REQUIREMENT
Exactly and only the lines below from the one containing "Wearable Shark Sleeping" down to the one containing "Black & Cream Checkered V-Neck Vest" are wanted, both included; please exclude every picture.

DATASET CONTENT
═══

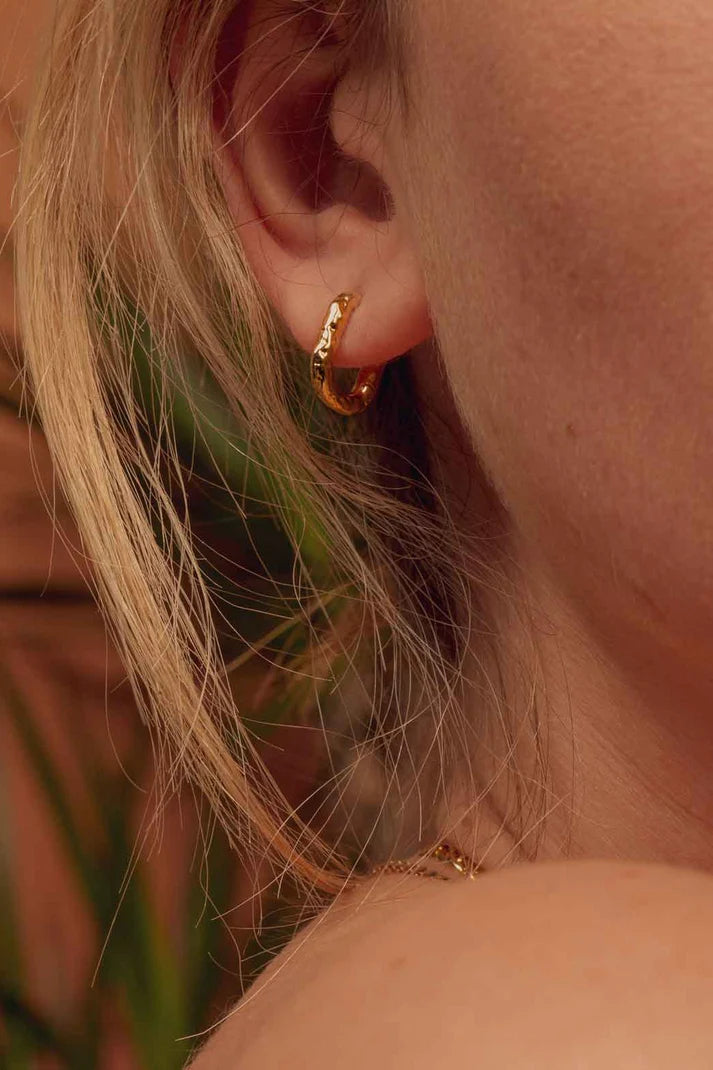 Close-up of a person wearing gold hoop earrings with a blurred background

═══

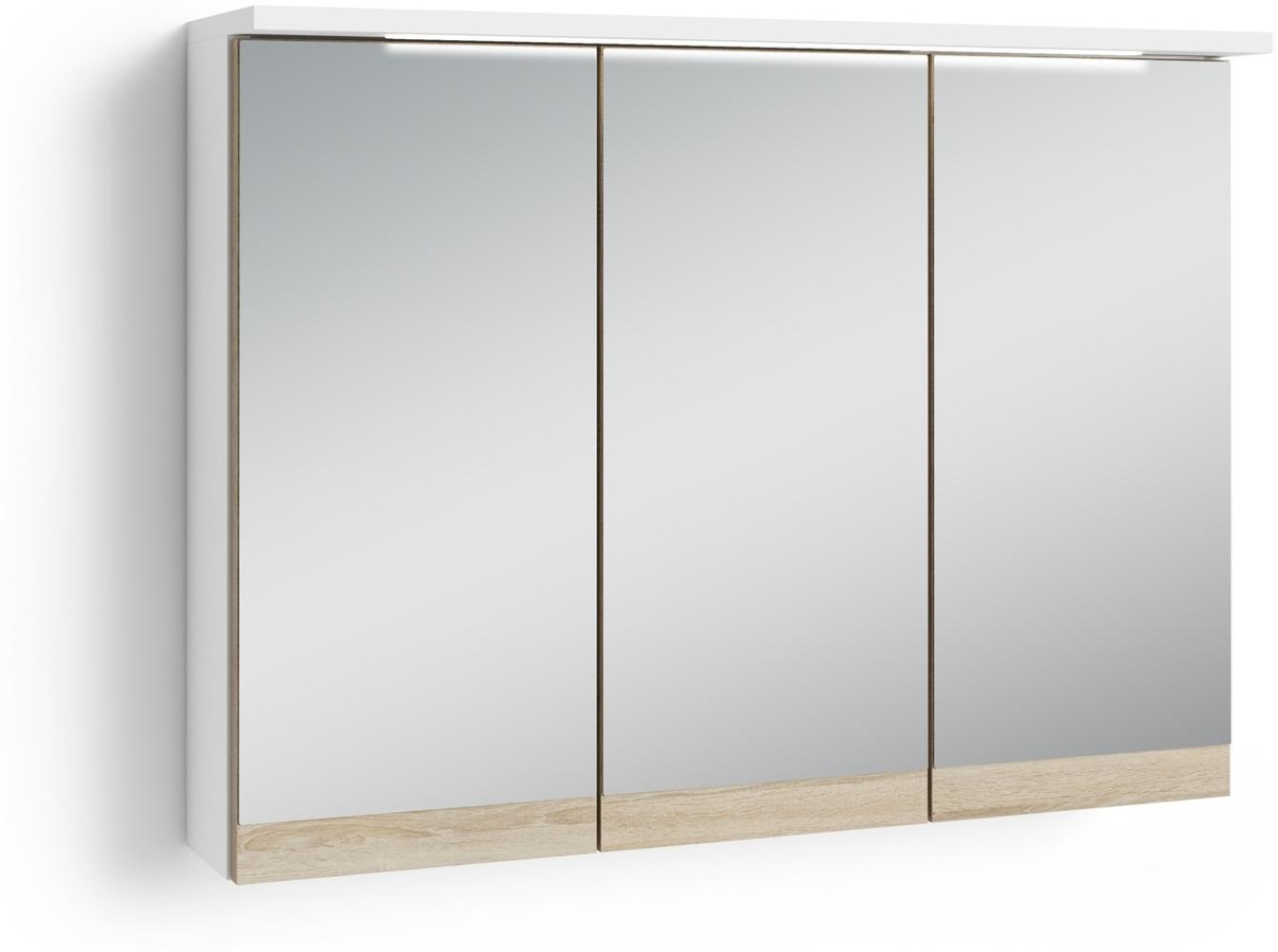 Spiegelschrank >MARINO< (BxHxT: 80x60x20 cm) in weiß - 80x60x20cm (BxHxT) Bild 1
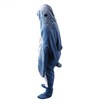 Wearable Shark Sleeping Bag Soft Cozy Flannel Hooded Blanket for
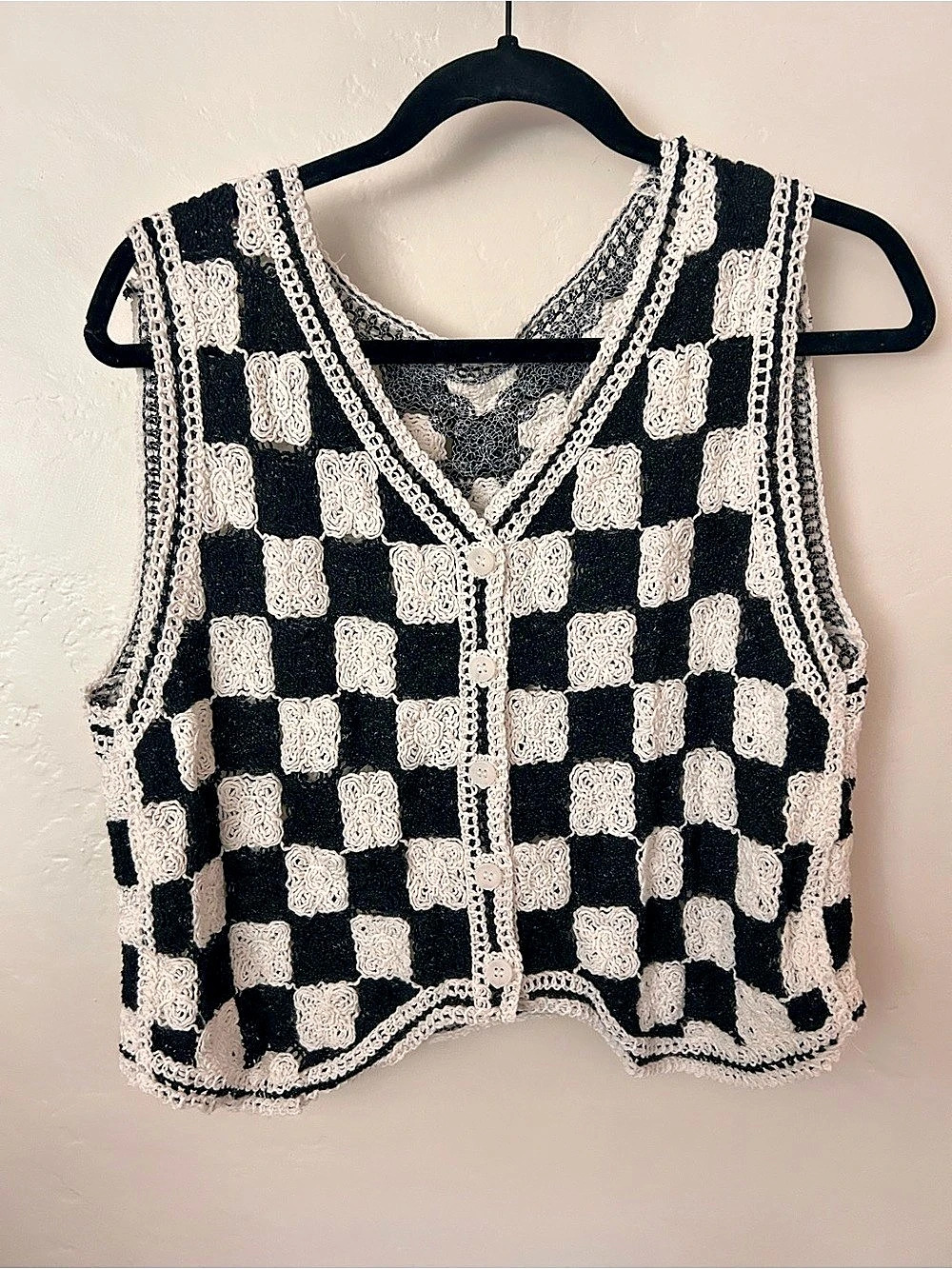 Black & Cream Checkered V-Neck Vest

═══

SOLVED PROBLEM
 Wearable Shark Sleeping Bag Soft Cozy Flannel Hooded Blanket for
 Black & Cream Checkered V-Neck Vest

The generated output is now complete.